Сильно «сыграла» в этом отношении программа, при которой ведущие ученые из-за рубежа и России приезжают в российские регионы, создают большие коллективы, руководят ими, и получат на это мегагрант — от 15 до 100 млн руб. в год.Программа реализуется с 2010 года. Раньше, когда 30 млн были примерно равны $1 млн, давалось 90 млн рублей на три года. А сейчас мы по поручению президента эту программу перезапустили, и продлили ее на пять лет.
— Сумма мегагранта выросла?
— Да и существенно. Теперь можно получать мегагрант на пять лет. Сумма гранта ежегодная — 100 млн, соответственно за пять лет — 500 млн. Там есть три линейки грантов: 500 млн, — это самые большие. Есть средние — по 50 млн в год на три года, и есть маленькие гранты для молодых ученых — по 15 млн в год.
В 2024 году будет очередной отбор. Новая документация уже готова.
— Уезжают ли молодые ученые из страны? Есть ли цифры, сколько уехало специалистов за 2022-2023 год?
— Уезжают и молодые, немолодые, и не только из России. Вопрос борьбы за таланты актуален для всех без исключения стран, поэтому в этом смысле всегда существует миграция. В том числе и из Японии, Южной Кореи, Германии, Китая. Россия в этом случае не исключение.
И тут очень важно отличать временную мобильность от переезда на другое постоянное место жительства.
— По разным оценкам специалистов РАН из России за последние пять лет уехало от 50 до 75 тысяч ученых. Это правильные цифры?
— Мы дважды заказывали специальное исследование, чтобы подтвердить или опровергнуть эти цифры в Высшей школе экономики, у Леонида Гохберга, директора Института статистических исследований. Эти цифры не подтверждаются.
Мы проанализировали сотни университетов и институтов. И второй год подряд ведем большую работу над тем, чтобы отделить зерна от плевел, четко понять, кто просто перемещается в другую лабораторию на время, а кто уезжает на постоянное место жительства в другую страну, не думая возвращаться.
Конечно, эта проблема существует. Российским специалистам предлагают более выгодные условия, в самых разных странах — как дружественных, так и недружественных.Но, все же, количество переездов не измеряется теми цифрами, которые приводят коллеги.

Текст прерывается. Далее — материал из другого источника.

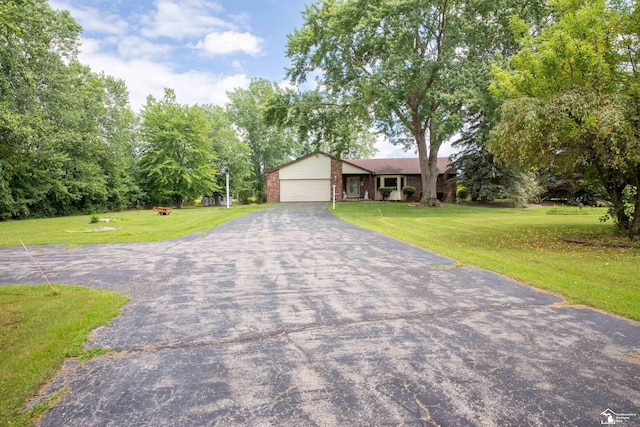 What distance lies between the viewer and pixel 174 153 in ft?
104

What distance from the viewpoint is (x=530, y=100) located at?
8.01m

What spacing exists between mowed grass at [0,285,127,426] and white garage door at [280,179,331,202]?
82.5 ft

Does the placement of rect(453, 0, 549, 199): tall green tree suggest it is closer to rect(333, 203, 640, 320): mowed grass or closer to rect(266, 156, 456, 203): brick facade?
rect(333, 203, 640, 320): mowed grass

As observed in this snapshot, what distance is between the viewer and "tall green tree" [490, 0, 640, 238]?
736 centimetres

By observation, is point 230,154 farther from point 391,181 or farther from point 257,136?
point 391,181

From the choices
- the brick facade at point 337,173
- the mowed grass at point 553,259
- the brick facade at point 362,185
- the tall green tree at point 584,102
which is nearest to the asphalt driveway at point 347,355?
the mowed grass at point 553,259

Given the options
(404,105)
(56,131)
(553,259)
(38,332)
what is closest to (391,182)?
(404,105)

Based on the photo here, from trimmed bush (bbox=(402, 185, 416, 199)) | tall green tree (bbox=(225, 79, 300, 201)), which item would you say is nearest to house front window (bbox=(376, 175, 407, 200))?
trimmed bush (bbox=(402, 185, 416, 199))

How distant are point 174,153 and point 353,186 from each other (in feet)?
55.3

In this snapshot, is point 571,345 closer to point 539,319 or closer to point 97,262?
point 539,319

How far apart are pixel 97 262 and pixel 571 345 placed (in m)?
8.05

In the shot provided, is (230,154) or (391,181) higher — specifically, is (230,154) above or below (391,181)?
above

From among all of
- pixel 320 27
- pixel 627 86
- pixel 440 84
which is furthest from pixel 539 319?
pixel 320 27

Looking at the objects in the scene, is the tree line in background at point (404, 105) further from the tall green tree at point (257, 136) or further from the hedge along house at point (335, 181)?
the tall green tree at point (257, 136) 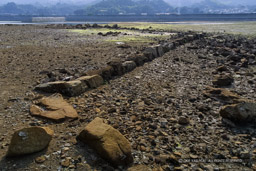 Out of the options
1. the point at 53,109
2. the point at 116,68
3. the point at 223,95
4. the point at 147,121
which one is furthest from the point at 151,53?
the point at 53,109

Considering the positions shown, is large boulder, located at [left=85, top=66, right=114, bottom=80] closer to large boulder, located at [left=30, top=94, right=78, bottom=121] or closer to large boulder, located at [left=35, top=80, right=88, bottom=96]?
large boulder, located at [left=35, top=80, right=88, bottom=96]

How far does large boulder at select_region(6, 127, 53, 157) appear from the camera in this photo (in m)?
4.69

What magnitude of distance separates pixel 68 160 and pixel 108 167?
899 mm

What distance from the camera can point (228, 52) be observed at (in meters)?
17.6

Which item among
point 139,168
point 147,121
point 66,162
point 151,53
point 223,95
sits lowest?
point 139,168

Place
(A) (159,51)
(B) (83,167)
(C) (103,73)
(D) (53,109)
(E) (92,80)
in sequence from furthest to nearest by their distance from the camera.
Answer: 1. (A) (159,51)
2. (C) (103,73)
3. (E) (92,80)
4. (D) (53,109)
5. (B) (83,167)

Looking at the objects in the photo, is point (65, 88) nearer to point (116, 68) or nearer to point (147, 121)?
point (147, 121)

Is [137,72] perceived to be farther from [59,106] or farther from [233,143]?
[233,143]

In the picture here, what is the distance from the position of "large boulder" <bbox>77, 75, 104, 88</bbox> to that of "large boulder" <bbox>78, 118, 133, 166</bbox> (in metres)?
3.94

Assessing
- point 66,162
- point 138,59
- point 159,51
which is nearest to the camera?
point 66,162

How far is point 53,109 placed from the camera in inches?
270

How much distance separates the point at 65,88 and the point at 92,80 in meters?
1.31

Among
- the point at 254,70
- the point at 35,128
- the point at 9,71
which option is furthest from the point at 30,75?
the point at 254,70

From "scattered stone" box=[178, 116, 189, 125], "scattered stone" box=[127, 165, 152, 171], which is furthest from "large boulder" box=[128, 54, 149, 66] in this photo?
"scattered stone" box=[127, 165, 152, 171] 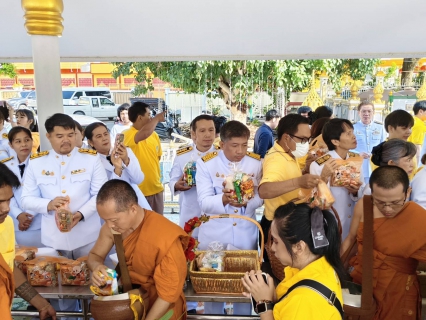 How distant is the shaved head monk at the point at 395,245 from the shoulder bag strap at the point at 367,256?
6 centimetres

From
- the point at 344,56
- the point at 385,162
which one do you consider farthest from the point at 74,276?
the point at 344,56

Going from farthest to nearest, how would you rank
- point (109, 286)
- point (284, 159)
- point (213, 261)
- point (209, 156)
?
point (209, 156)
point (284, 159)
point (213, 261)
point (109, 286)

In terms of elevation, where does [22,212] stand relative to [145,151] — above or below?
below

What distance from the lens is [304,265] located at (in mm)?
1722

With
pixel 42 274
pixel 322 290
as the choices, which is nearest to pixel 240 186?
pixel 322 290

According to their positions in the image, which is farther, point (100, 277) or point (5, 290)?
point (100, 277)

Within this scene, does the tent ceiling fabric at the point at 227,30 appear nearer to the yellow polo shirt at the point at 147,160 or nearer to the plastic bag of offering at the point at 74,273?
the yellow polo shirt at the point at 147,160

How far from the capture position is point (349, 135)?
10.1 feet

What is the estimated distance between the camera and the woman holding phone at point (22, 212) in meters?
3.36

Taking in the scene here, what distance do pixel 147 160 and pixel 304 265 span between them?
3.20 metres

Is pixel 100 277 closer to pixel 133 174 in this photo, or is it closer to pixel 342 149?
pixel 133 174

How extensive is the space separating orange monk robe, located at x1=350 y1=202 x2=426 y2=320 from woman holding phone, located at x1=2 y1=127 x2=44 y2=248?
2716 millimetres

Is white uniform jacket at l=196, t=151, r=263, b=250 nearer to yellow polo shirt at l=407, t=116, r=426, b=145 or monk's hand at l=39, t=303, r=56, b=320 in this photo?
monk's hand at l=39, t=303, r=56, b=320

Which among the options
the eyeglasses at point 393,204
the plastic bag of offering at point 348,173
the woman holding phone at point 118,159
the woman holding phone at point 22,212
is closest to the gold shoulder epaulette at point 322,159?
the plastic bag of offering at point 348,173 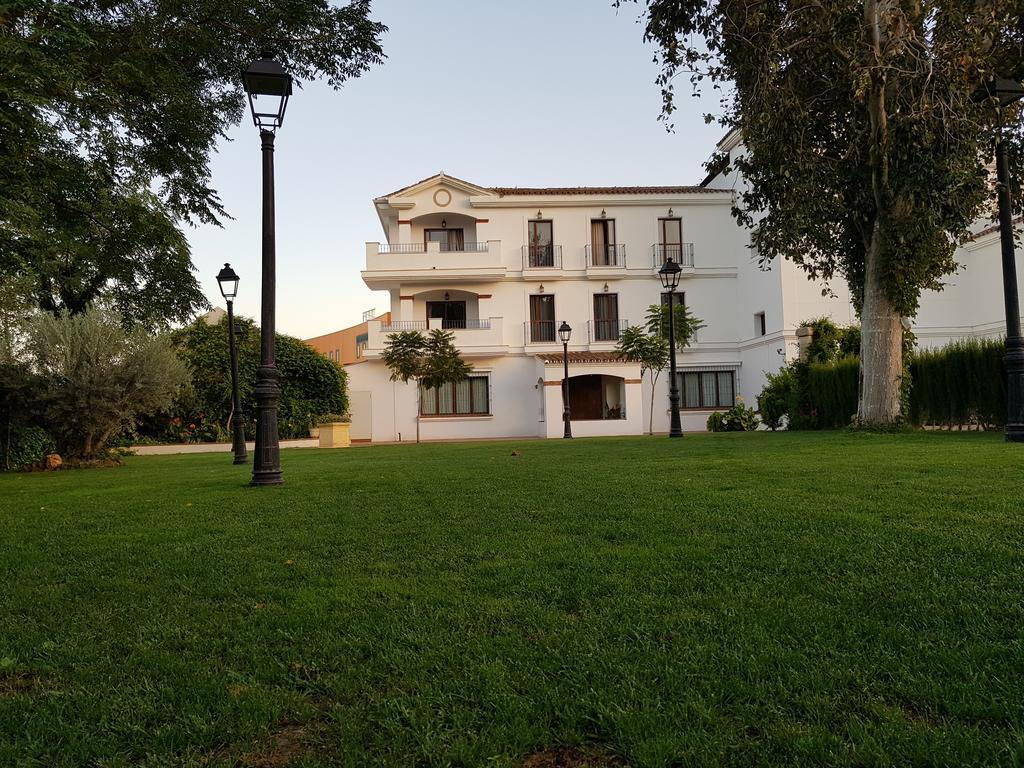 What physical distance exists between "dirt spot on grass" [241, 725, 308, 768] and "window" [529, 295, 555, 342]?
2662cm

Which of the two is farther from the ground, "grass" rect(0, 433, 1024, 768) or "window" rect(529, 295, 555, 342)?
"window" rect(529, 295, 555, 342)

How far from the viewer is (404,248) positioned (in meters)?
27.9

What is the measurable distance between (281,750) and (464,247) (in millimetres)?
27854

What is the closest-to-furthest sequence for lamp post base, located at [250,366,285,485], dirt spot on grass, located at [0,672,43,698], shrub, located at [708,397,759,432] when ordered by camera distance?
1. dirt spot on grass, located at [0,672,43,698]
2. lamp post base, located at [250,366,285,485]
3. shrub, located at [708,397,759,432]

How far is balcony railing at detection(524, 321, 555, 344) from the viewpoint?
1112 inches

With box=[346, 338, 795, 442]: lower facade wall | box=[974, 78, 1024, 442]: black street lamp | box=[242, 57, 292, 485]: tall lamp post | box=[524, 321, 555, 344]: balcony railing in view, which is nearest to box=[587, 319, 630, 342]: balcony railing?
box=[524, 321, 555, 344]: balcony railing

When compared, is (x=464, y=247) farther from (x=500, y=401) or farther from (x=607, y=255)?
(x=500, y=401)

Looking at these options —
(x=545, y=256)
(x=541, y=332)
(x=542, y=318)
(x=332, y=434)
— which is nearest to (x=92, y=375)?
(x=332, y=434)

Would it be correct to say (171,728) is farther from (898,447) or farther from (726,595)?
(898,447)

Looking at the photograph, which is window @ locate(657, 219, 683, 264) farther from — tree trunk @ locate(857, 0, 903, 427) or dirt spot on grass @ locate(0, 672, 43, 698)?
dirt spot on grass @ locate(0, 672, 43, 698)

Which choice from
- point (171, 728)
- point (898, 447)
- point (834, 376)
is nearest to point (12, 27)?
point (171, 728)

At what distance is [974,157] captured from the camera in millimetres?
11125

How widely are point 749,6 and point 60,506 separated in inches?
508

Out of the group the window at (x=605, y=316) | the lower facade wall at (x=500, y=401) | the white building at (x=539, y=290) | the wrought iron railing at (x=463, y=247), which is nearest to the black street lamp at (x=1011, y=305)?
the lower facade wall at (x=500, y=401) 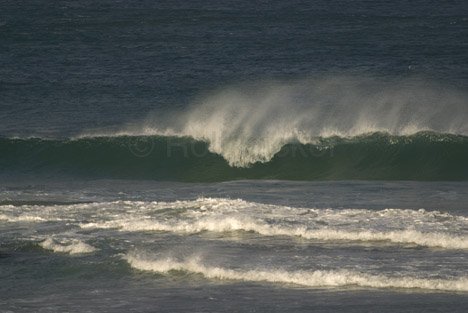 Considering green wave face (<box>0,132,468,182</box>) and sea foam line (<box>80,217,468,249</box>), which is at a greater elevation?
green wave face (<box>0,132,468,182</box>)

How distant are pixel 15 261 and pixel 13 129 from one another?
13.8m

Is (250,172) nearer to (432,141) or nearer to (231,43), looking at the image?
(432,141)

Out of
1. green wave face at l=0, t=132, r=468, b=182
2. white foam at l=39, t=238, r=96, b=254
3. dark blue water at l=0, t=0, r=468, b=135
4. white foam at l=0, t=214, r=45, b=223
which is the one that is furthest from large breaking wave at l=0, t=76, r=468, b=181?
white foam at l=39, t=238, r=96, b=254

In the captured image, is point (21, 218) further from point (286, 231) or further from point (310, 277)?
point (310, 277)

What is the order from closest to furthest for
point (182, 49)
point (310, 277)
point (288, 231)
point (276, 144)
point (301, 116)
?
point (310, 277), point (288, 231), point (276, 144), point (301, 116), point (182, 49)

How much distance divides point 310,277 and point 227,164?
1093cm

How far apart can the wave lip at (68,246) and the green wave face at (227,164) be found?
7.89 meters

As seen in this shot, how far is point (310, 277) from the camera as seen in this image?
1490 cm

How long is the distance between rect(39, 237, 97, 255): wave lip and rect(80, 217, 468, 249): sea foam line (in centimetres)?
113

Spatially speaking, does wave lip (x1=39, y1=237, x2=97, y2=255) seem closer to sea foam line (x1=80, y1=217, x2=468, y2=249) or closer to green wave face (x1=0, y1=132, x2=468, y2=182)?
sea foam line (x1=80, y1=217, x2=468, y2=249)

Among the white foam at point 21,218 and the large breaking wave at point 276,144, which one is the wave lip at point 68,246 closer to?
the white foam at point 21,218

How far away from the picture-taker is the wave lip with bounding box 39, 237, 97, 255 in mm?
16828

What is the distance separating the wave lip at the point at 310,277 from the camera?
1441cm

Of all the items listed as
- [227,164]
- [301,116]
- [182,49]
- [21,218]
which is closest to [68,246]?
[21,218] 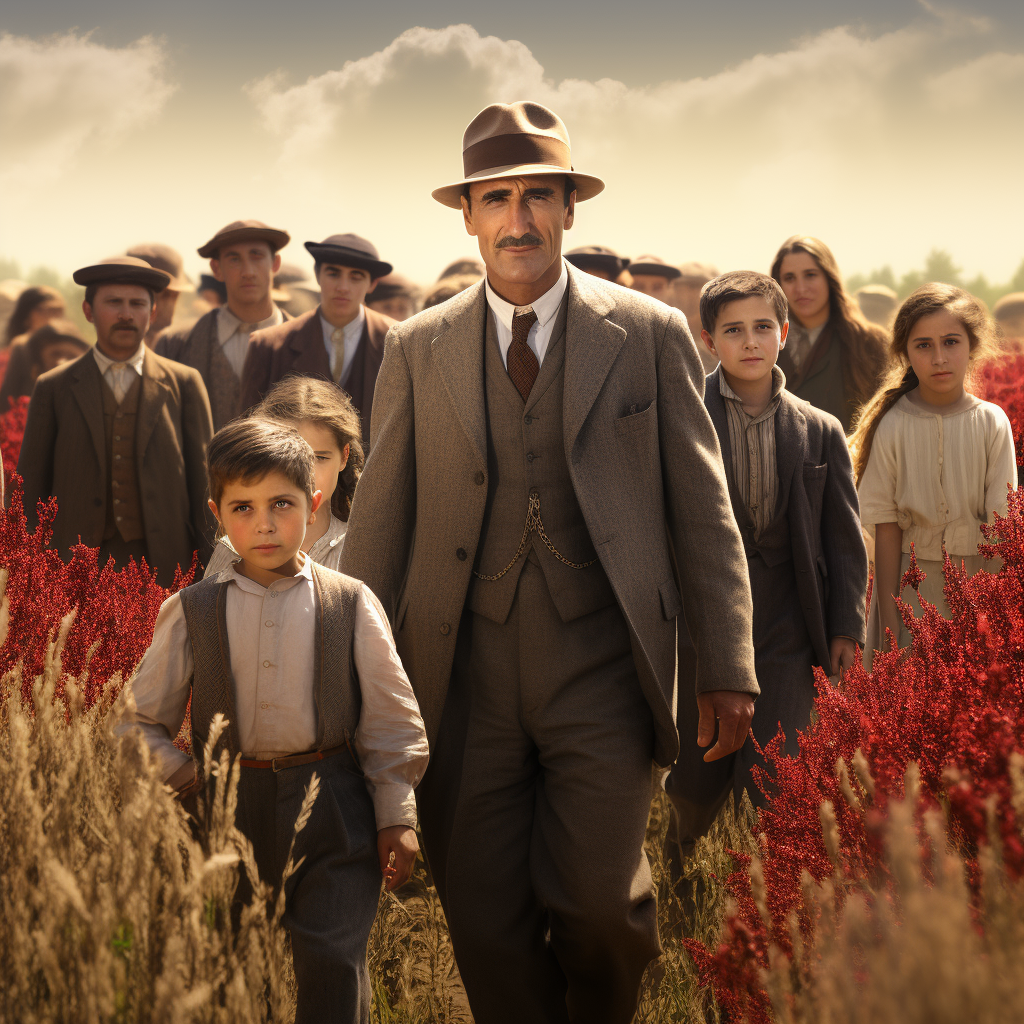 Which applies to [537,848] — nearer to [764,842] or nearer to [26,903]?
[764,842]

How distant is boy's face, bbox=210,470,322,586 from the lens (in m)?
2.63

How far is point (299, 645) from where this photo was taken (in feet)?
8.53

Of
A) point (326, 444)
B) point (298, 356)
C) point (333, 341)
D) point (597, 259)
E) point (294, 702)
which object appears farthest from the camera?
point (597, 259)

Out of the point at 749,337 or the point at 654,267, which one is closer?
the point at 749,337

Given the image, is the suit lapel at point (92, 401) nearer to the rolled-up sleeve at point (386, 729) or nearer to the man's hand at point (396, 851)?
the rolled-up sleeve at point (386, 729)

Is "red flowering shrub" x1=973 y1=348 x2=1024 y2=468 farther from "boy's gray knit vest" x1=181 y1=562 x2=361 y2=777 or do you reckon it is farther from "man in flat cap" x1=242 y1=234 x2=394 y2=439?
"boy's gray knit vest" x1=181 y1=562 x2=361 y2=777

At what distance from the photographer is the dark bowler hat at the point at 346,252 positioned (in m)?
7.57

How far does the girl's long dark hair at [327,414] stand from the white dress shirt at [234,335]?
446cm

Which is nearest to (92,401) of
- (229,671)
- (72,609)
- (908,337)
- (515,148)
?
(72,609)

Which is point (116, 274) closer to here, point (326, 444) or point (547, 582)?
point (326, 444)

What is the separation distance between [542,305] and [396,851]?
1.51 meters

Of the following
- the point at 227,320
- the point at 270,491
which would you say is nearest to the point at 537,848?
the point at 270,491

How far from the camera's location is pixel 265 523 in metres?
2.64

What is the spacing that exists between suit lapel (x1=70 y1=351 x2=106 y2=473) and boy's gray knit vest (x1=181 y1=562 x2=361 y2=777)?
3.84m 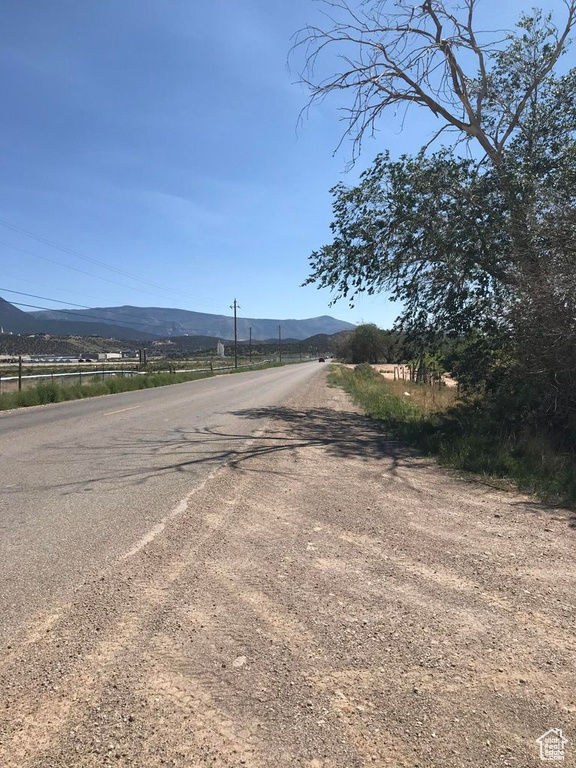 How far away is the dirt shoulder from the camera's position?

И тут надо еще понимать, что у нас мобильность же не только исходящая, но и входящая. К нам тоже приезжают коллеги из других стран, в том числе имеющие ученые звания.
— Откуда в основном приезжают?
— Из СНГ, из Юго-Восточной Азии, Индии.
— Кстати, а программа мегагрантов, которые возглавляют успешные зарубежные ученые, пострадала из-за геополитической обстановки?
— Для нас показательным был девятый конкурс мегагрантов, который прошел в минувшем году. И его результаты говорят о том, что иностранным коллегам интересно работать с нами в разных областях наук независимо ни от чего.
Так, на девятый конкурс мегагрантов поступило 293 заявки от ведущих ученых из 44 стран мира. Победителями стали ведущие ученые из 18 стран: 21 зарубежный ученый, четверо ученых из России, а также пять соотечественников, проживающих за рубежом. Помимо России, это Индия, Китай, Корея, Сербия, Греция, Франция, Германия, Соединенное Королевство, США и другие страны.
— Что вы думаете о существующей концепции магистратуры, будет ли она меняться?
— Да, мы хотим серьезно преобразовать магистратуру. Сегодня идет речь о нескольких ее видах. Первый вид — магистратура профессиональная, которую надо создавать с работодателем. По источникам финансирования такие магистерские программы должны софинансироваться одновременно государством и бизнесом. Задача такой магистратуры — углубленные профессиональные знания после того, как у тебя уже есть высшее образование.
Второй вид магистратуры — исследовательская. Здесь заказчиком должно быть государство, человека должны готовить к профессии ученого.
Есть сегодня еще идея управленческой магистратуры. Туда можно будет принимать студентов после получения любой специальности. Если вы руководите крупным предприятием или возглавляете орган публичной власти, неважно химик, физик вы или биолог, — вам нужны управленческие навыки. Аналог — бизнес-школа Master of Business Administration (МВА) — это же не что иное, как управленческая магистратура.
— По поводу профессиональной магистратуры есть уже договоренности с коммерческими компаниями?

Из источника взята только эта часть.